Jugeant que la question de l'éventuelle implication de la Russie «était d'une importance cruciale», il a souligné qu'écarter certains éléments était «un grave sujet de préoccupation» pour lui.

Les audiences dans le cadre d'une enquête judiciaire ou «inquest» qui vise à établir les circonstances exactes d'un décès en cas de mort violente ou inexpliquée sont publiques et les éléments de l'enquête sont examinés au grand jour.

Or, le ministère britannique des Affaires étrangères a demandé au magistrat de ne pas dévoiler au cours de l'inquest, qui devait débuter cet automne, certains éléments au nom de la sécurité nationale.

L'enquête judiciaire pourrait donc être remplacée par un autre type d'investigations permettant l'examen à huis clos de ces documents, a suggéré M. Owen.

Interrogé par l'AFP sur cette affaire, un porte-parole du gouvernement a simplement indiqué qu'il allait «étudier attentivement» les conclusions du coroner.

La veuve d'Alexandre Litvinenko, Marina, s'est dite «consternée» par cette décision, selon un communiqué transmis par ses avocats.

«Mme Litvinenko est absolument consternée par la décision du coroner d'abandonner sa quête de la vérité sur la responsabilité de l'État russe dans la mort de son mari», indique le communiqué.

«La conséquence de la décision prise aujourd'hui est de protéger ceux qui ont pris la responsabilité d'ordonner le meurtre d'un citoyen britannique dans une rue de Londres, et de permettre au gouvernement russe de se retrancher derrière une demande de respect du secret faite par William Hague (chef de la diplomatie britannique ndlr) avec le soutien du premier ministre David Cameron», regrette la veuve.

Un ami de la famille Litvinenko et de sa veuve, Alex Goldfarb, a lui aussi jugé ce rebondissement «profondément consternant».

«D'un autre côté, pour le gouvernement britannique, cela revient à admettre que l'État russe est coupable (...) En soi, c'est une victoire pour Marina», a-t-il estimé.

Alexandre Litvinenko, 43 ans, un transfuge du FSB (services de renseignement russes) réfugié au Royaume-Uni, avait bu un thé en novembre 2006 avec Andreï Lougovoï, un agent secret russe, et l'homme d'affaires Dmitri Kovtoun, dans un hôtel londonien. Il avait succombé peu après à un empoisonnement au polonium, une substance radioactive.

MM. Lougovoï et Kovtoun avaient laissé un sillage de radioactivité derrière eux en rentrant en Russie.

Selon l'avocat de sa veuve, Litvinenko travaillait pour les services secrets britanniques au moment de sa mort. Sa famille pense qu'il a été tué sur ordre du Kremlin.

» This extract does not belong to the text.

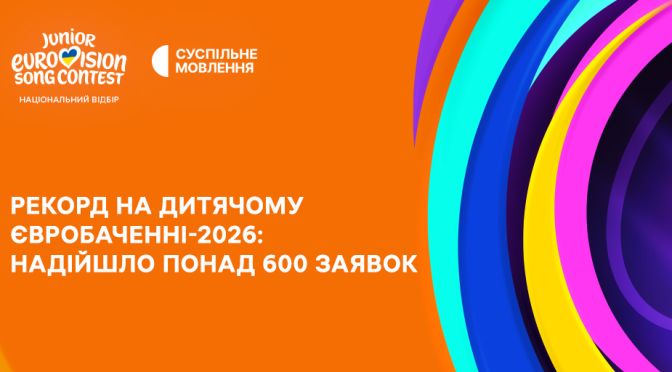 2х1_600_zayavok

L'affaire Litvinenko est un sujet de contentieux entre Londres et Moscou, en raison du refus de la Russie d'extrader Andreï Lougovoï, considéré par les enquêteurs britanniques comme le principal suspect de l'assassinat.

Ce dernier, aujourd'hui député en Russie, avait annoncé qu'il ne participerait plus à l'enquête judiciaire.

Celle-ci devait initialement débuter en mai, mais son ouverture avait déjà été remise à octobre, les autorités russes et britanniques tardant à fournir certaines des pièces demandées.

Il y a quelques mois, l'avocat de Marina Litvinenko avait accusé le Royaume-Uni de garder secrètes des informations concernant la mort d'Alexandre Litvinenko afin de ne pas affecter des accords commerciaux avec la Russie.